Considering everything a computer does is based on the digital equivalent of a light switch, it’s amazing they’re as powerful as they are.
However, the binary input that lets computing devices understand instructions has led to some fairly confusing terminology.
This is what it all means.
Getting the bit between your teeth
The word bit is used to describe a single binary decision. Billions of these are required to run contemporary computer software.
Each bit is packaged together in bundles of eight, forming a byte. This allows for an exponential increase in potential outcomes.
A bit can only have two outcomes – 0 or 1 – whereas a byte offers far more potential. For instance, 0 1 0 0 1 1 1 0 is one of 256 possible permutations within a byte.
In the 1980s, home computers like the Sinclair Spectrum were known as eight-bit machines because their central processing units could access eight bits of data in one instruction.
Then came 16-bit machines like the Atari ST and Commodore Amiga, which could handle 256 * 256 permutations at once – 65,536 in total.
It’s easy to guess which machines were better at processing graphics, running complex programs and conducting quick calculations.

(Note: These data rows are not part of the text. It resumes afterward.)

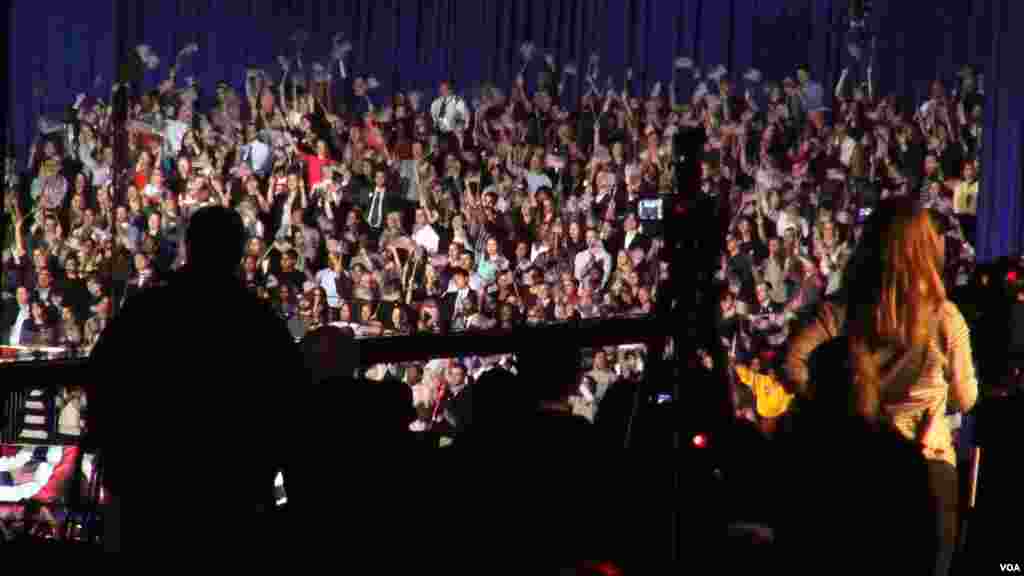 奥巴马芝加哥竞选总部的人群(美国之音 金刀拍摄)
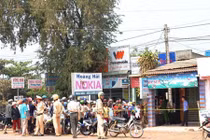 ​Khởi tố người chồng bóp cổ vợ chết rồi tự tử 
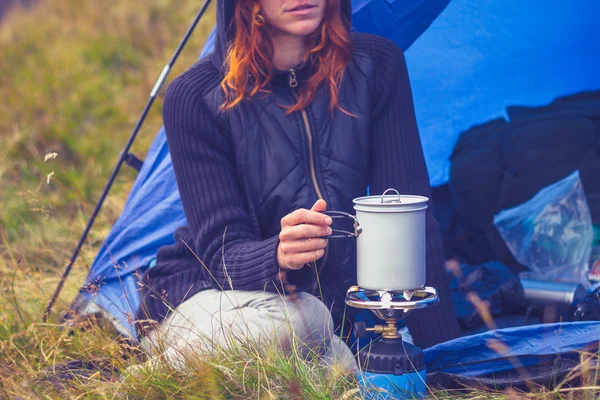 Mujer acampando y cocinando con estufa portátil —  Fotos de Stock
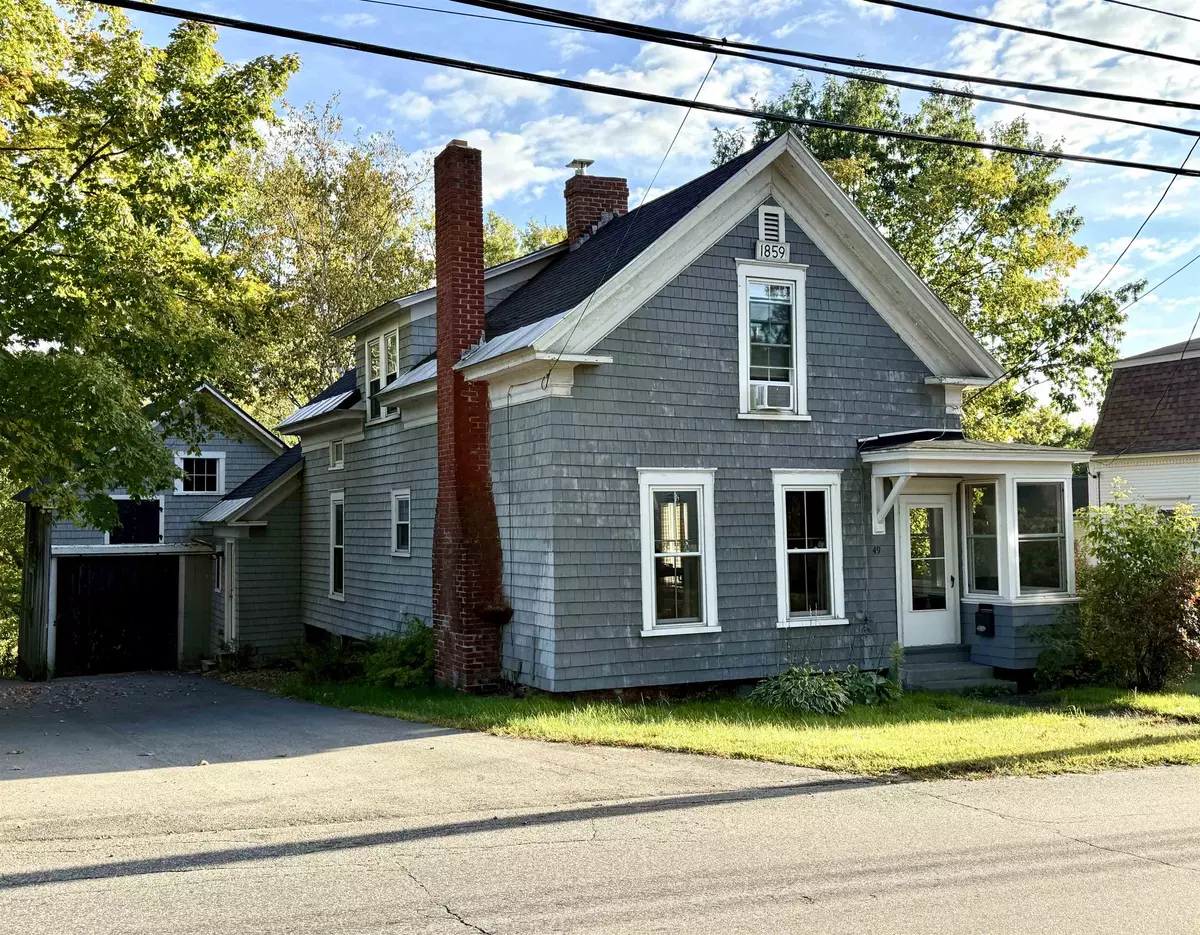 Lancaster, NH 03584,49 Middle ST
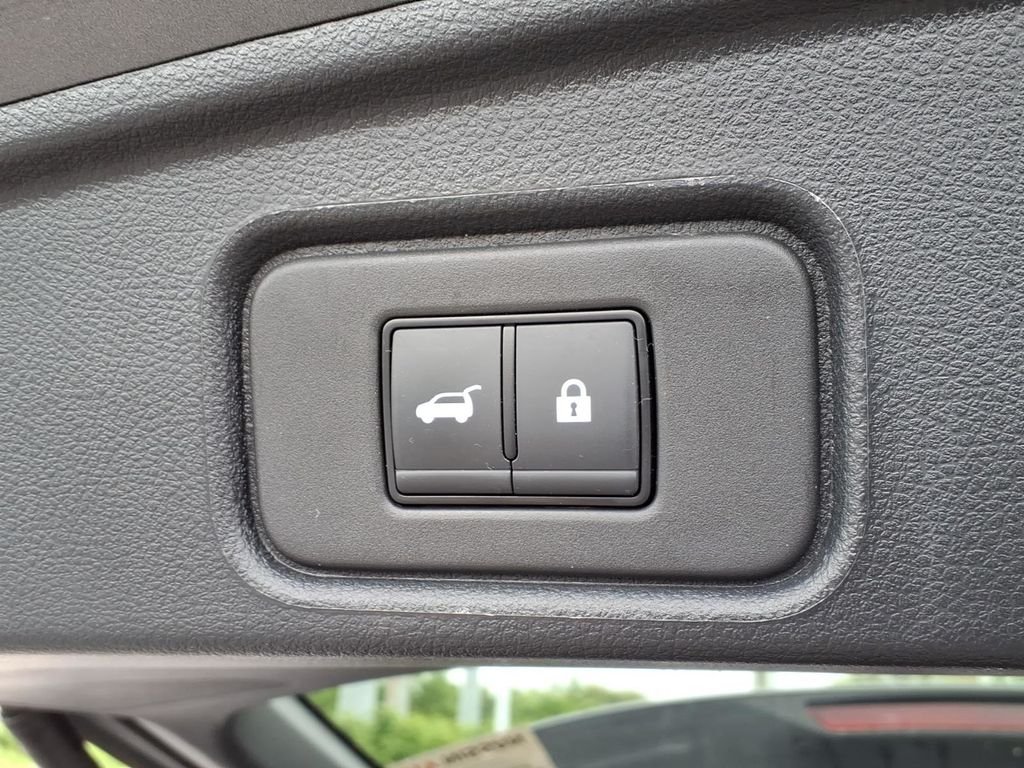 Used 2025 Gun Metallic Nissan SV v6 w/3rd row seating & remote start image 32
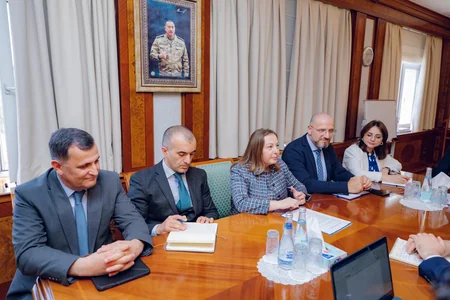 Prezidentin səlahiyyətli nümayəndəsi Naxçıvanda BMT rəsmisi ilə ekoloji məsələləri müzakirə edib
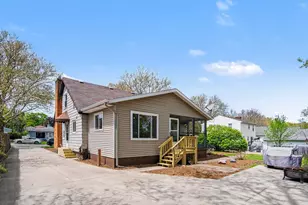 1512 Emerson Ave NW, Grand Rapids, MI 49504 - Photo 23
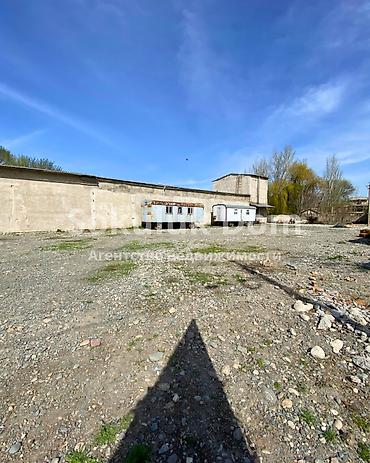 Продажа коттеджей и домов: 🏠Продаётся дом в с. Сокулук 🟡Комнаты: 5 🟡Участок: 53 соток — 4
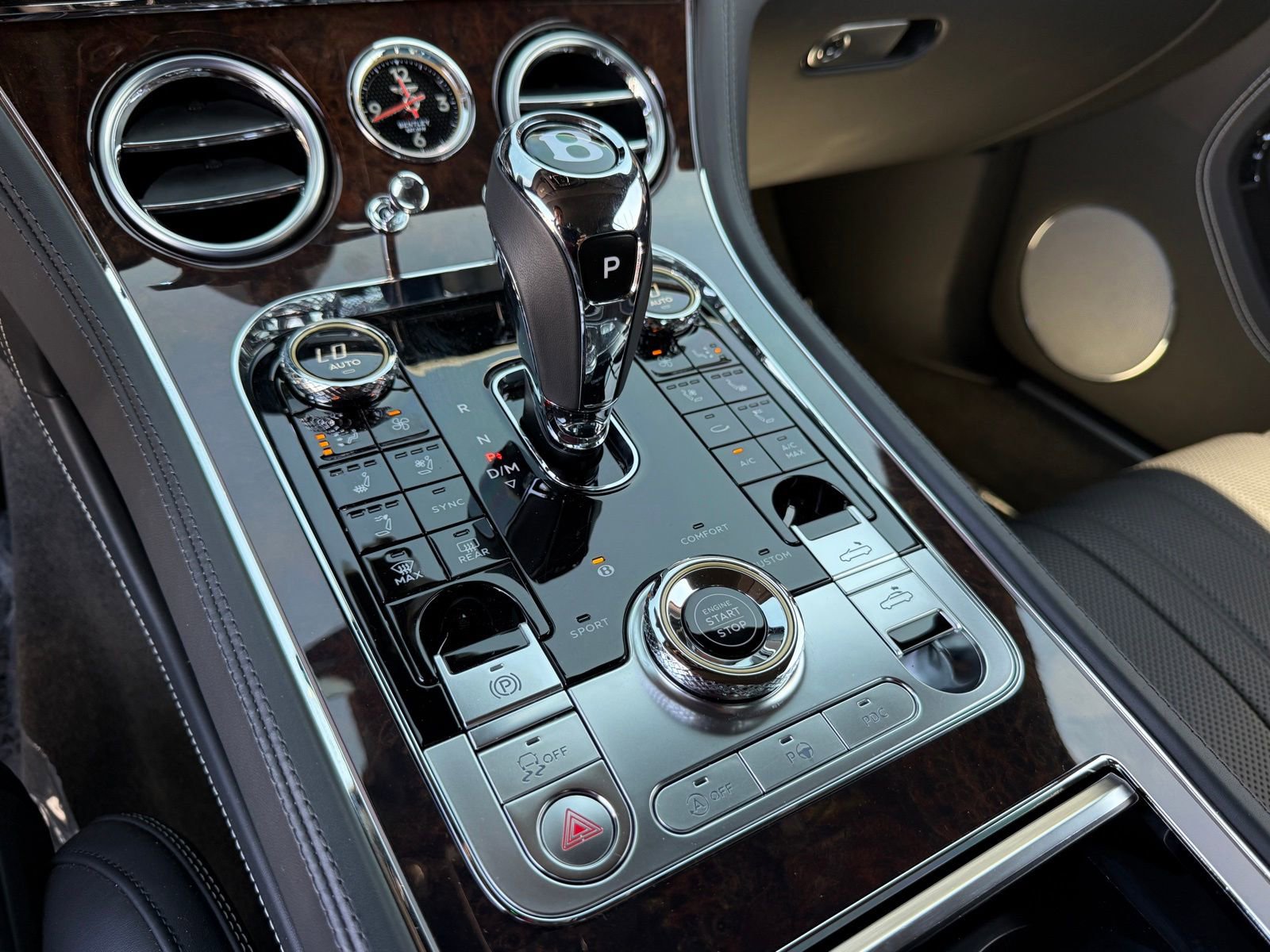 Used 2021 Bentley Continental GT AWD/4WD image 34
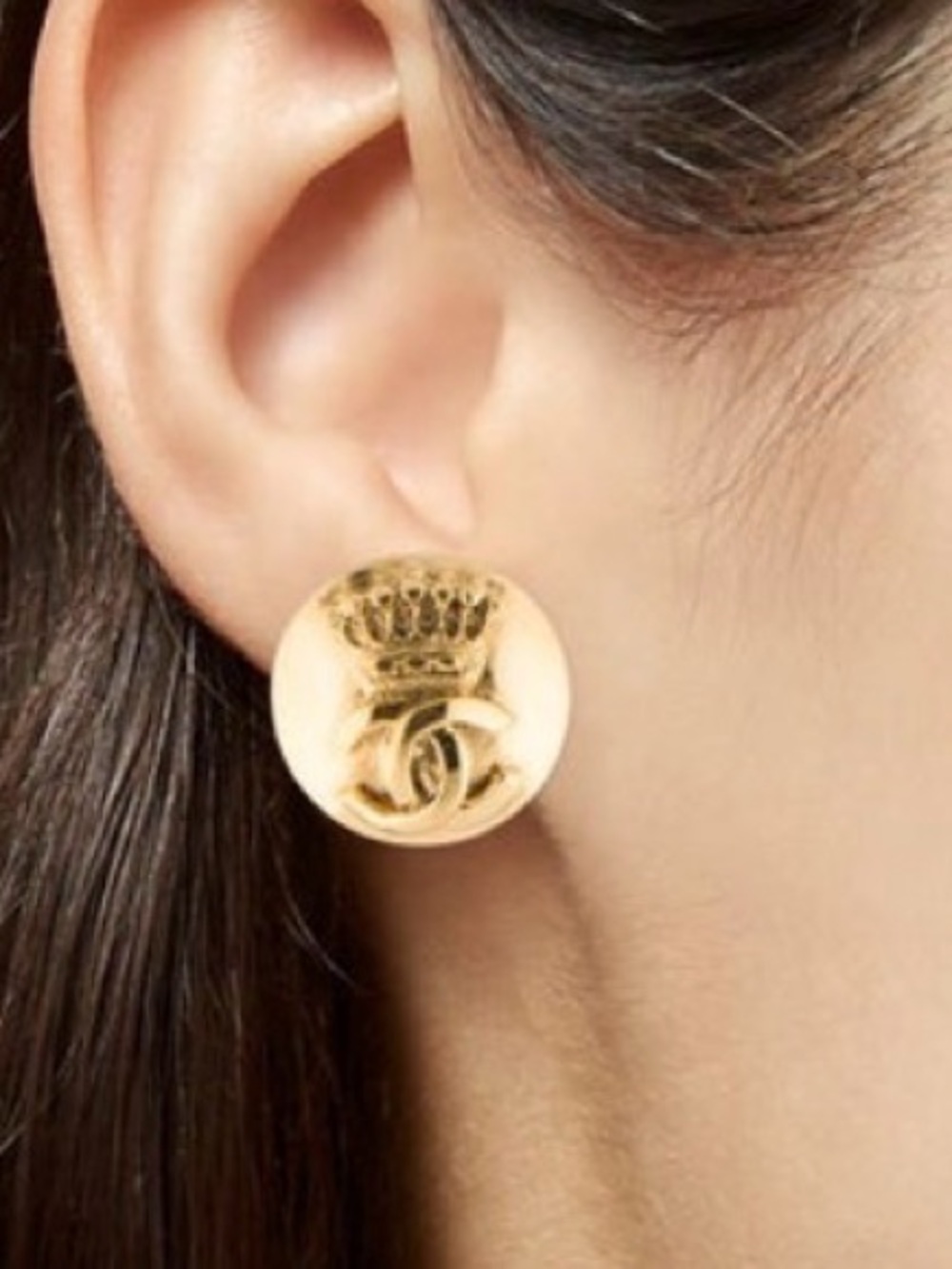CHANEL Gold Crown CC Motif Clip-On Earrings with COA & box - Picture 3 of 4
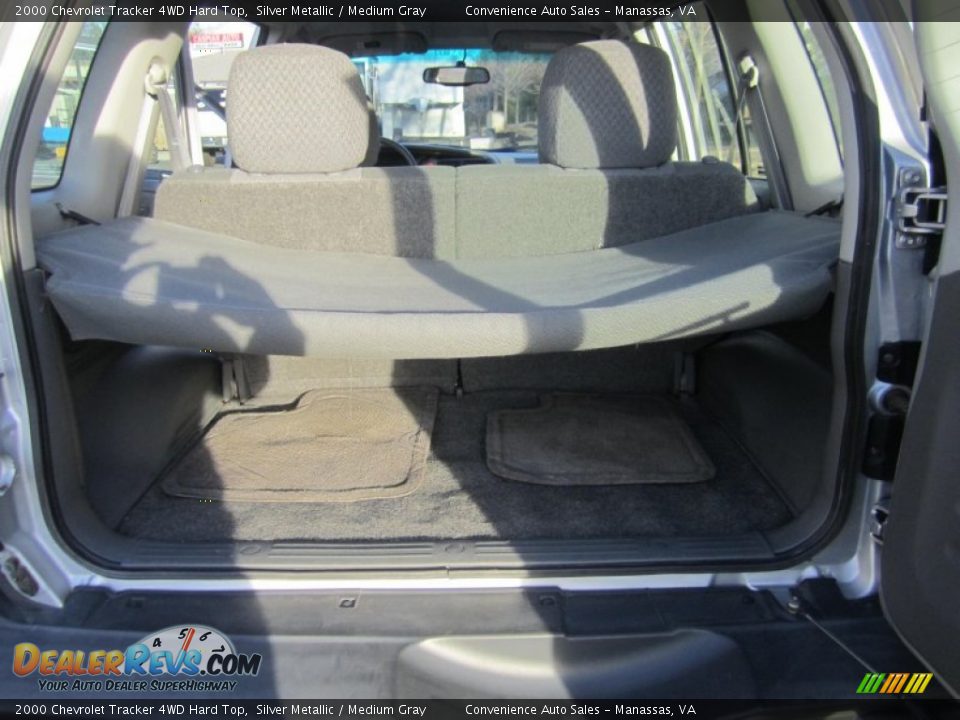 2000 Chevrolet Tracker 4WD Hard Top Silver Metallic / Medium Gray Photo #8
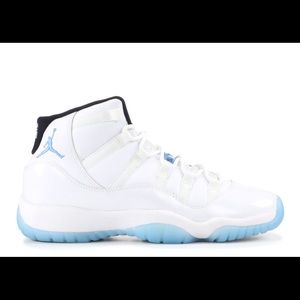 Air Jordan 11 retro legends size 5.5 in boys
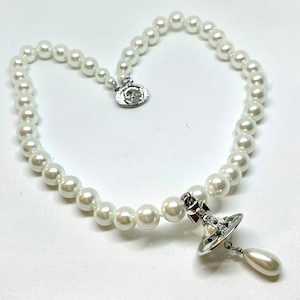 18K White Gold Pearl Orb Choker Necklace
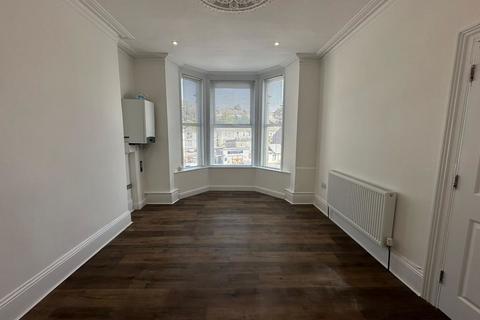 Studio to rent, Lipson Road/Alexandra Road Plymouth:  Large self contained studio flat for single person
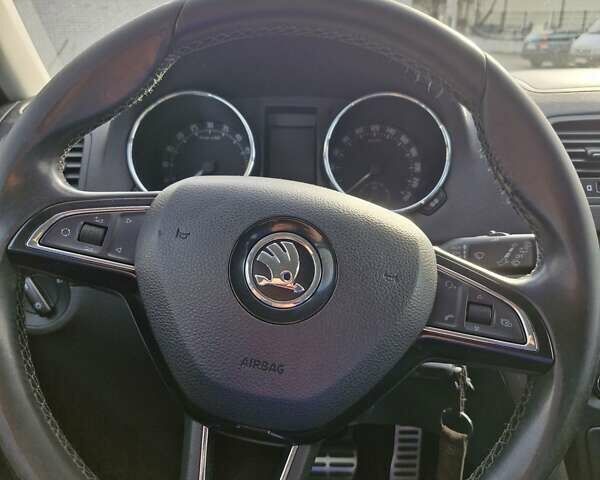 Серый Шкода Ети, объемом двигателя 2 л и пробегом 236 тыс. км за 13000 $, фото 2 на Automoto.ua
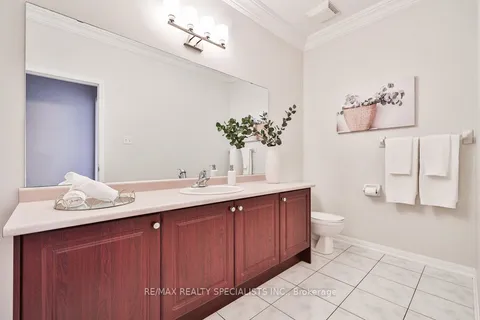 205 Ellis Cres, Milton, ON L9T 6B5
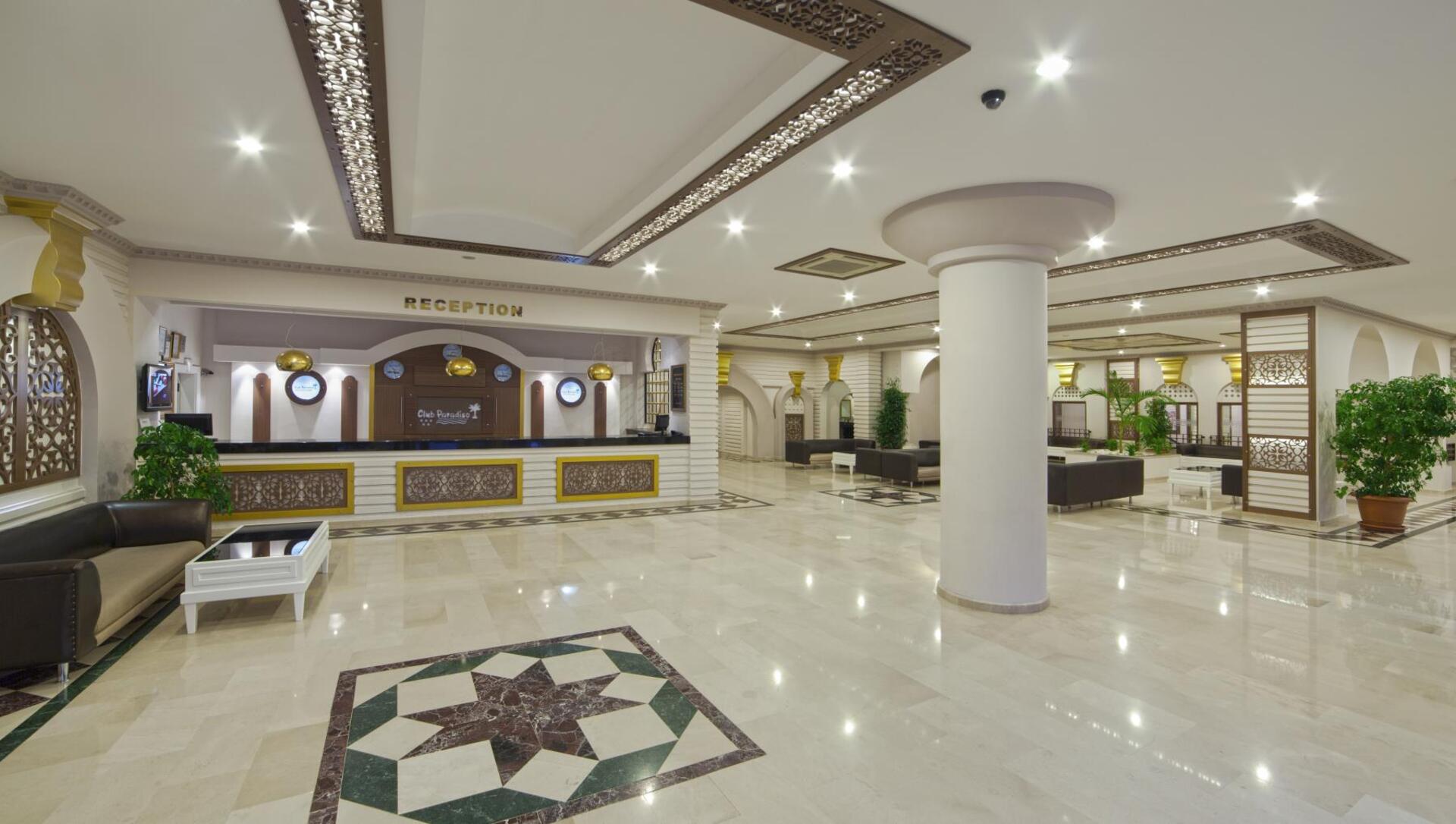 CLUB PARADISO HOTEL & RESORT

Then in 1991, Sir Tim Berners-Lee developed the World Wide Web. And suddenly, bits and bytes were being used to measure speed, as well as volume.
Gaining the kilos
It may seem strange that data volumes are recorded in bytes – kilobyte, megabyte – yet internet speeds are calculated in bits – kilobits per second, megabits per second, etc.
This is because data is stored in bytes. As we’ve seen, a bit isn’t much use in isolation.
However, internet data is sent and received one bit at a time. Bytes are broken into their component elements and sent along whichever route is quickest at that millisecond.
When each bit arrives at its destination, it’s reintegrated into the byte it formerly occupied, which is then used to provide instructions to the host device.
Given the random nature in which each byte’s constituent parts arrive, attempting to measure internet speeds in bytes per second would be impractical.
However, it’s easy to calculate how long a specific volume of data ought to take to transmit or receive.
A connection of 100 megabits per second would need one second to transfer a file of 12.5 megabytes.
To calculate the other way, check how large the file you’re wanting to send or receive is in bytes, multiply it by eight, and divide by the number of bits per second your line supports.
A one-megabyte file contains a million bytes, or eight million bits. If your connection supports a download rate of eight megabits per second (eight million bits), it’ll take one second.
It’s worth noting downloads tend to be given priority on domestic internet connections – often by a ratio of ten to one – because we download data far more than we upload.
A line that supports downloads of 10Mbps (megabits per second) may only support 1Mbps uploads.
In written form, you can tell bits and bytes apart easily – bits are represented with a lowercase letter (Mbps), whereas bytes are written using an uppercase letter (MB).